The Drone Honey Bee

Comprehensive Overview of Apis mellifera Drone Development, Biology, and Interaction with The Queen

Author(s): Lovleen Marwaha * .

Pp: 1-17 (17)

DOI: 10.2174/9789815179309123010003

* (Excluding Mailing and Handling)


The male honey bees, the reproductive caste of the colony, develop through haploid/diploid parthenogenesis. The drones develop from haploid/ diploid unfertilized eggs produced by parthenogenesis or from diploid fertilized eggs having identical sex alleles, formed after sexual reproduction, with more probability when the queen honey bee mates with the drones of the same hives. Therefore, two types of drone honey bees, based on ploidy, are common in colonies, e.g. haploid or/and diploid. The number of drone honey bees staying in the colony varies according to protein resources and the strength of the worker honey bees. Generally, the haploid drone eggs/larvae laid by workers are removed by the nurse bee due to cannibalism.
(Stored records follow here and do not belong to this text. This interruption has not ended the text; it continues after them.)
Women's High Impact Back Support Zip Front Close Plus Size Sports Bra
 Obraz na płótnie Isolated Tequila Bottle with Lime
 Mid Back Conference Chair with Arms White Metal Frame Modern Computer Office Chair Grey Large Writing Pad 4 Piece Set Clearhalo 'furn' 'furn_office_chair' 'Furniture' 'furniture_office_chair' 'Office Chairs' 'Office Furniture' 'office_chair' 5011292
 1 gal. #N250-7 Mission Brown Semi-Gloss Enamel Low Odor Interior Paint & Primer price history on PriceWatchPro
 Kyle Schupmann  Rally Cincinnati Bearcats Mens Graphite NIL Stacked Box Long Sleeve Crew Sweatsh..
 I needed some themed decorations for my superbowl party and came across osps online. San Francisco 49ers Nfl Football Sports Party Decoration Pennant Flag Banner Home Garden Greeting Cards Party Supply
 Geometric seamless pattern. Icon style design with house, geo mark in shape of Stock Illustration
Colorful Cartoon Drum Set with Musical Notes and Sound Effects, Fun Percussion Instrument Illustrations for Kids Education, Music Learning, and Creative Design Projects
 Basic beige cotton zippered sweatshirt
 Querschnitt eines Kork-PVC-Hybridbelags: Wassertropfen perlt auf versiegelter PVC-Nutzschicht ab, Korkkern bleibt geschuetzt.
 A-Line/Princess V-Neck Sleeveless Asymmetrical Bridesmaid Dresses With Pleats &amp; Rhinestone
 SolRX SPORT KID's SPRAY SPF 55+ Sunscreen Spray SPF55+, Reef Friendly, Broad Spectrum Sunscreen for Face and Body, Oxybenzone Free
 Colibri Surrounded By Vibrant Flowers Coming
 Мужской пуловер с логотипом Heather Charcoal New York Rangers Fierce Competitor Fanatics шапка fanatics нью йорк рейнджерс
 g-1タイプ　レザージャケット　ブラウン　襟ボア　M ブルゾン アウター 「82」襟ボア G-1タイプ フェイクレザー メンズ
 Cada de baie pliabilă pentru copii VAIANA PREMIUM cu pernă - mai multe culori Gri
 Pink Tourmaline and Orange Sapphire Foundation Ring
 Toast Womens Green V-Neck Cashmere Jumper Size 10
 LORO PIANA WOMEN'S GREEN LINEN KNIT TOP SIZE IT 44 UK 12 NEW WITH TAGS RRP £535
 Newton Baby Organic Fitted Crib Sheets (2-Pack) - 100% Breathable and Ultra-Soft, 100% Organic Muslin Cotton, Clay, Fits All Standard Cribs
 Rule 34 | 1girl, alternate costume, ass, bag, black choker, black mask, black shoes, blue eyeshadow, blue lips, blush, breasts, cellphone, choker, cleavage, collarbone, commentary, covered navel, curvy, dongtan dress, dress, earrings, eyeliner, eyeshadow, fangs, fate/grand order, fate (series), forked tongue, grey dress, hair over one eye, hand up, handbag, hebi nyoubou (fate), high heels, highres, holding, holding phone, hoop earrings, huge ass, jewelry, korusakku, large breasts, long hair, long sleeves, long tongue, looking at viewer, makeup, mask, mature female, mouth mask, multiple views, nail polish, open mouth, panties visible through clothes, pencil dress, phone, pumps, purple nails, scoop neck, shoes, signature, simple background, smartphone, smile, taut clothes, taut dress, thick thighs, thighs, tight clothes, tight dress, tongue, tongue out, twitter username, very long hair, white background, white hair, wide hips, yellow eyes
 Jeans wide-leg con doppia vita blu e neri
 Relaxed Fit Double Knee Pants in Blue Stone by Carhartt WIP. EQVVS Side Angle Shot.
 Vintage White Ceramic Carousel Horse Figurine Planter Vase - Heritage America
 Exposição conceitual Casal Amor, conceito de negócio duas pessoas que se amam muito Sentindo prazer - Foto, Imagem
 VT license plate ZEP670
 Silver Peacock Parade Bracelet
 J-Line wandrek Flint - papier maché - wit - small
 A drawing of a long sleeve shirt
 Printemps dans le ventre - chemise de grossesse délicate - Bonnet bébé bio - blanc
The above-mentioned eggs/larvae are marked with certain specific hormones that act as markers for cannabalic removal of the same. Further, the development of drones is influenced by colony temperature; hence overall development can be completed within 24-25 days. The purpose of drone life is to produce sperm and mate with the queen. The queen attracts the drone's honey bees toward herself with pheromones 9-ODA, 9-HDA and 10 HDA. The drone number and fertility depend upon the colony's environmental conditions, genomic possession and available food in the colony. The specific chapter provides deep insight into the development of drones, the biology of drones, the reproductive system, and the mating behaviour of particular castes. Subsequent chapters highlight morphometric characteristics of drones, development, mating, reproduction and artificial drone production.

Keywords: Haploid and Diploid Drones, Parthenogenesis, Developmental Synchronicity.